Would you print the data below exactly, leaving out every picture?
══ Provided data ══
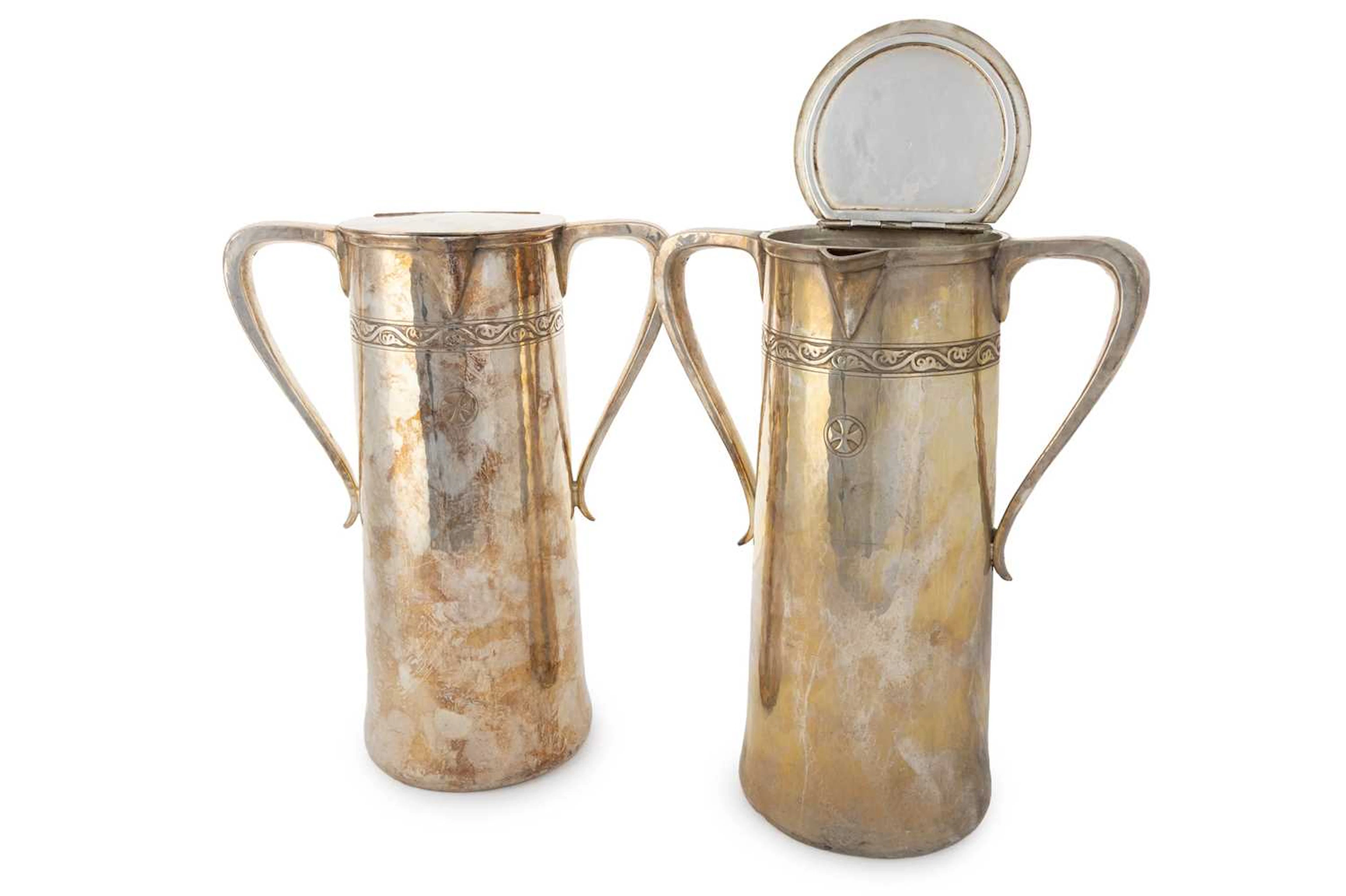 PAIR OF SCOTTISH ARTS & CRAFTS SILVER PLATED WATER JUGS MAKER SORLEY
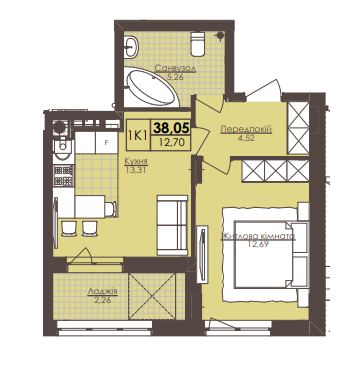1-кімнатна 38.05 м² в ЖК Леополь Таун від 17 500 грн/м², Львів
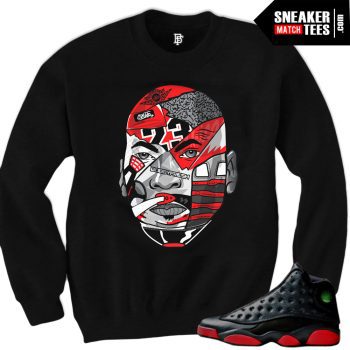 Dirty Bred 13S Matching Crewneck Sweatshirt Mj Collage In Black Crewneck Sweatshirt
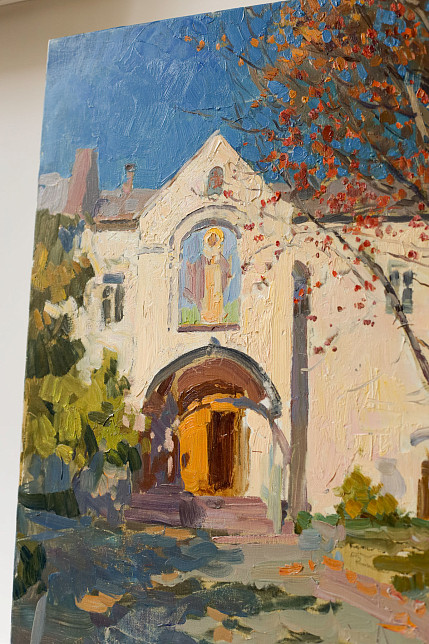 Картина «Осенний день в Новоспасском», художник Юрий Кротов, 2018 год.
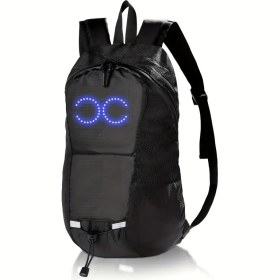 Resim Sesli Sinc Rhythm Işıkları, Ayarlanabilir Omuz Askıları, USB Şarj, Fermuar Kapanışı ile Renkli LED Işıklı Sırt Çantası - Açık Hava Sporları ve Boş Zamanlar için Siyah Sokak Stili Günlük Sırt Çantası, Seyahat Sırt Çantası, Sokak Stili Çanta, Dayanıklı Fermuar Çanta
═══
- [Result]
 PAIR OF SCOTTISH ARTS & CRAFTS SILVER PLATED WATER JUGS MAKER SORLEY
1-кімнатна 38.05 м² в ЖК Леополь Таун від 17 500 грн/м², Львів
 Dirty Bred 13S Matching Crewneck Sweatshirt Mj Collage In Black Crewneck Sweatshirt
 Картина «Осенний день в Новоспасском», художник Юрий Кротов, 2018 год.
 Resim Sesli Sinc Rhythm Işıkları, Ayarlanabilir Omuz Askıları, USB Şarj, Fermuar Kapanışı ile Renkli LED Işıklı Sırt Çantası - Açık Hava Sporları ve Boş Zamanlar için Siyah Sokak Stili Günlük Sırt Çantası, Seyahat Sırt Çantası, Sokak Stili Çanta, Dayanıklı Fermuar Çanta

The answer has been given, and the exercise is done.